» **What to work on**: Without the pictures, reproduce the records that follow exactly.

Image-caption web data
......

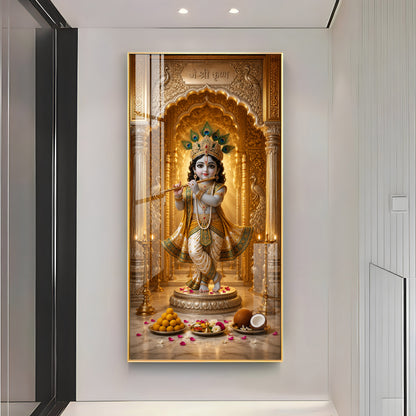 Little Krishna Playing Bansuri Premium Acrylic Vertical Wall Art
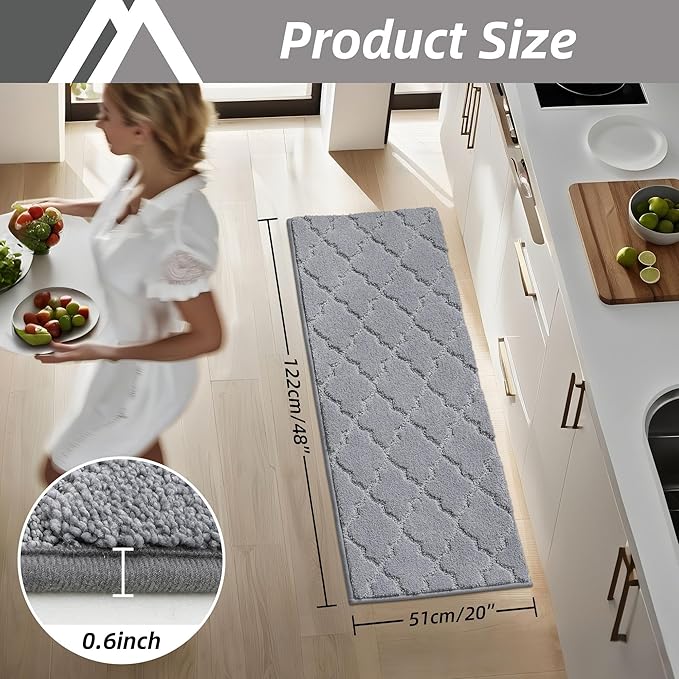 COSY HOMEER Kitchen Rugs 20"x48" Non-Slip Absorbent Soft Kitchen Runner Rug Polyester Kitchen Mats for Floor Washable Kitchens Standing Floor Mat for Sink Mat,Hallway,Laundry,Grey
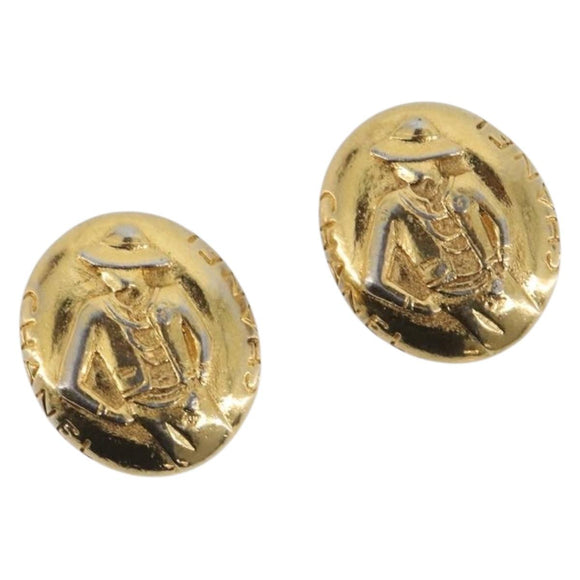 CHANEL Earring Metal Gold CC Auth 206568M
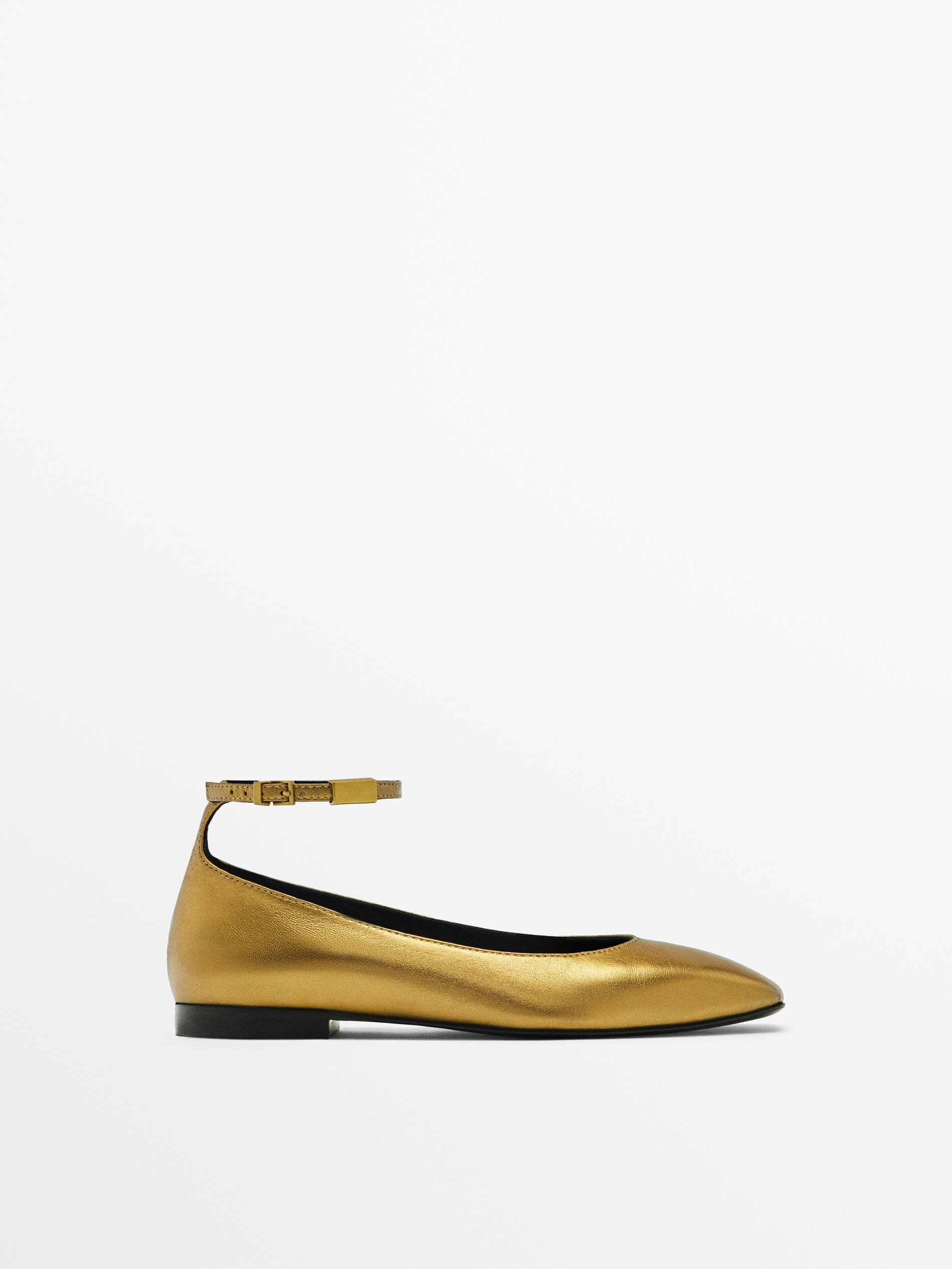 Gold leather shop flat shoes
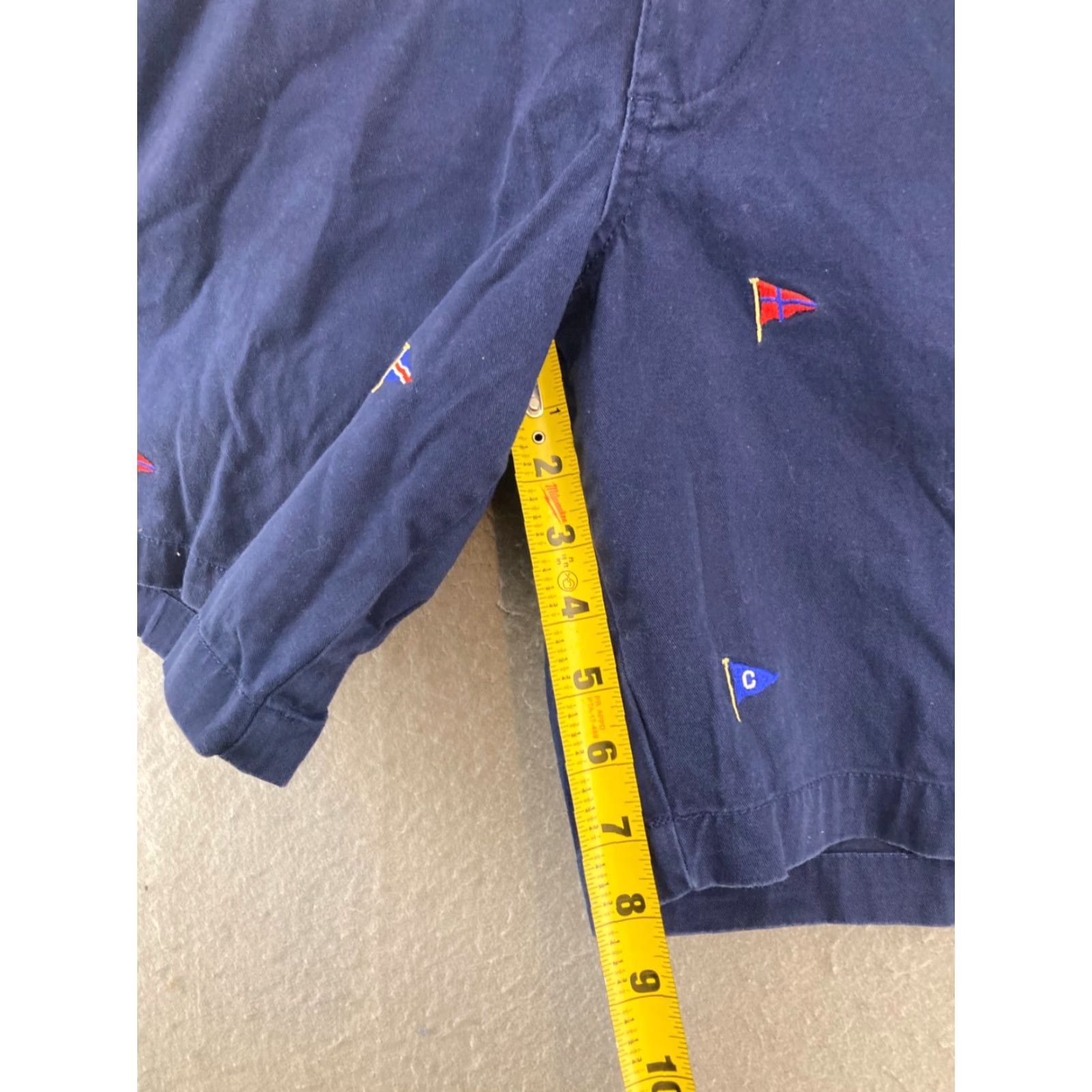 Chaps Chaps Khaki Chino Shorts Pants Mens 40 Sail Flag Embroidered Blue Button Pockets Size US 40 / EU 56 - 4 Thumbnail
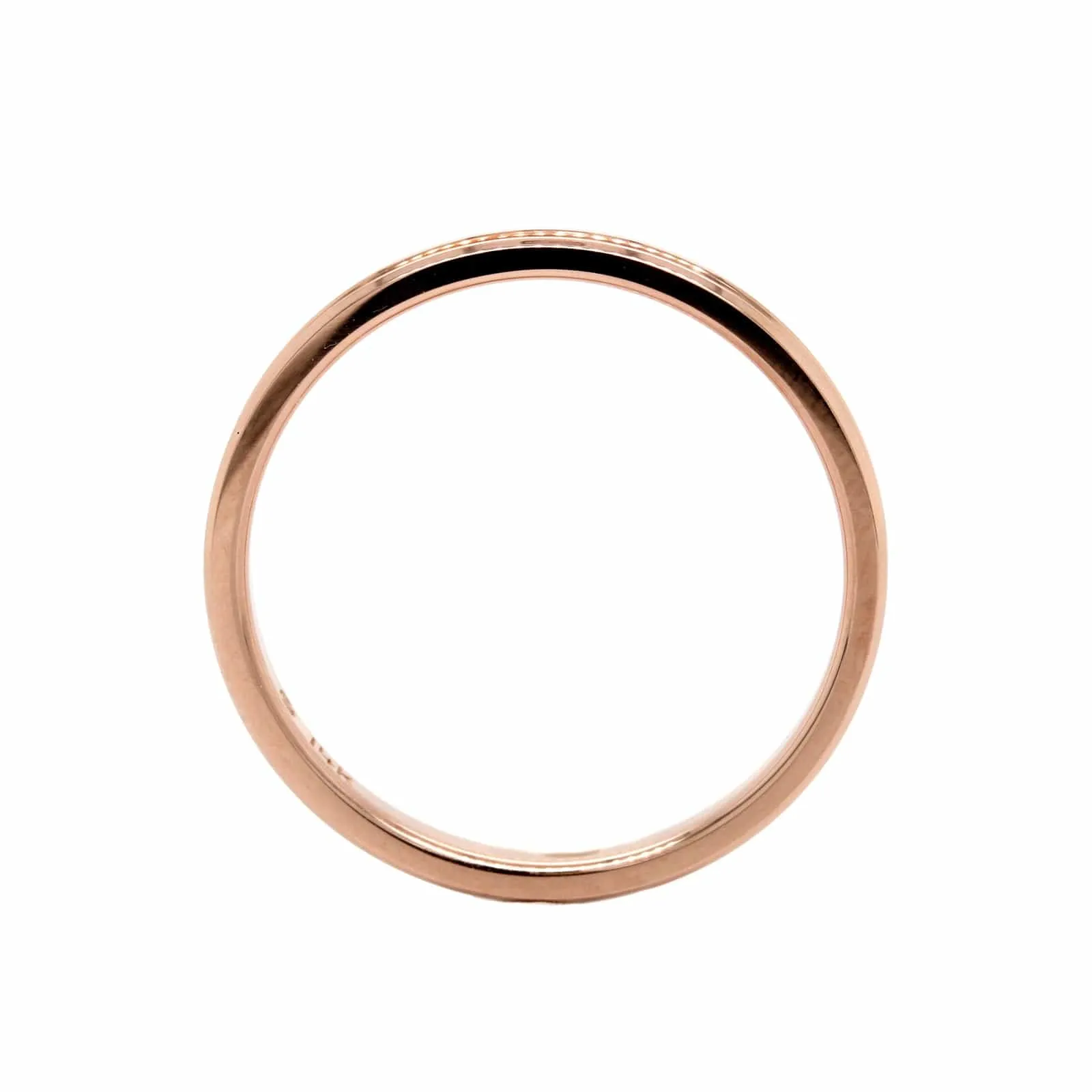 14K Rose Gold 2mm Recessed Milgrain Band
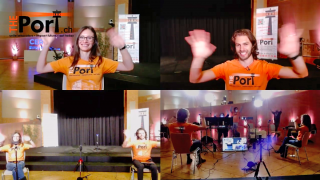 Presenters waving with views from different angles (front and back)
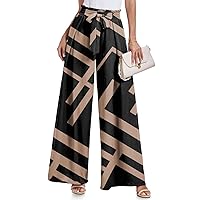 Wide Leg Pants for Women High Waisted Palazzo Pants Work Casual Flowy Tie Knot Trousers with Pockets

......

» **Answer to this task**:
 Little Krishna Playing Bansuri Premium Acrylic Vertical Wall Art
 COSY HOMEER Kitchen Rugs 20"x48" Non-Slip Absorbent Soft Kitchen Runner Rug Polyester Kitchen Mats for Floor Washable Kitchens Standing Floor Mat for Sink Mat,Hallway,Laundry,Grey
 CHANEL Earring Metal Gold CC Auth 206568M
 Gold leather shop flat shoes
 Chaps Chaps Khaki Chino Shorts Pants Mens 40 Sail Flag Embroidered Blue Button Pockets Size US 40 / EU 56 - 4 Thumbnail
 14K Rose Gold 2mm Recessed Milgrain Band
 Presenters waving with views from different angles (front and back)
 Wide Leg Pants for Women High Waisted Palazzo Pants Work Casual Flowy Tie Knot Trousers with Pockets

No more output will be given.